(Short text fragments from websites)
++++

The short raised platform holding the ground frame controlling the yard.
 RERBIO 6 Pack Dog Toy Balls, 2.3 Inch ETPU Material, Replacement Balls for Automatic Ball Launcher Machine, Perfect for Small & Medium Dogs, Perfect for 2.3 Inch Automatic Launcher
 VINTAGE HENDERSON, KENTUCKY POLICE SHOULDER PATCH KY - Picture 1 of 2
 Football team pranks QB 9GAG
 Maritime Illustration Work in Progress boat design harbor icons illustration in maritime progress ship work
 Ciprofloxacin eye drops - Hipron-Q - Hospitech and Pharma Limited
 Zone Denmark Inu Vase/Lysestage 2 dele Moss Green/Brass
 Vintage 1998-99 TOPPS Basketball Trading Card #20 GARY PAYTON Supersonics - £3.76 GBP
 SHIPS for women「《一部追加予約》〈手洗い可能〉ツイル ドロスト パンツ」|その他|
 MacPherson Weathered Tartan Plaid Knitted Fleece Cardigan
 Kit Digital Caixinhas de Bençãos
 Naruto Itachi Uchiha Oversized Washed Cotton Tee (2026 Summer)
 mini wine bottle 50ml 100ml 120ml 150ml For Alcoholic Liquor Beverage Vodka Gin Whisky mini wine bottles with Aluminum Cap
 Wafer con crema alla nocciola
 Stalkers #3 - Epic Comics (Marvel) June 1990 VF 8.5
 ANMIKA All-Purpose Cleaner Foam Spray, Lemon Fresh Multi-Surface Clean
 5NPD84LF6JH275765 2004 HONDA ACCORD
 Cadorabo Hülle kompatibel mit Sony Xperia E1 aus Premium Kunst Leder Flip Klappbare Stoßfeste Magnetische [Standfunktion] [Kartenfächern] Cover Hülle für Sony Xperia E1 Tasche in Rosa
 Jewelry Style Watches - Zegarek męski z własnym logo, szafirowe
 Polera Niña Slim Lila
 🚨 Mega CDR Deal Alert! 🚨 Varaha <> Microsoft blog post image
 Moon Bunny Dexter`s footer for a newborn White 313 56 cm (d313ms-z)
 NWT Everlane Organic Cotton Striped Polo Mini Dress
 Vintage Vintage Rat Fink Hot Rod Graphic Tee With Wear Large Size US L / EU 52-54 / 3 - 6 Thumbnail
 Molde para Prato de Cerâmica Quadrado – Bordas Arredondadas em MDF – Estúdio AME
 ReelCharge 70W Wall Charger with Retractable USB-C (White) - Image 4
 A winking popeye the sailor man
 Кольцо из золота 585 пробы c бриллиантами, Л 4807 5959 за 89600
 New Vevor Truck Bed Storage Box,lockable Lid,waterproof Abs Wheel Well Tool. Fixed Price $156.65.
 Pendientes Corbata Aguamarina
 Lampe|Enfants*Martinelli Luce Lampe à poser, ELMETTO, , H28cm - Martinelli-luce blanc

++++

Where the string "Cotton" appears in a line of the entries above, return that line.

 Naruto Itachi Uchiha Oversized Washed Cotton Tee (2026 Summer)
 NWT Everlane Organic Cotton Striped Polo Mini Dress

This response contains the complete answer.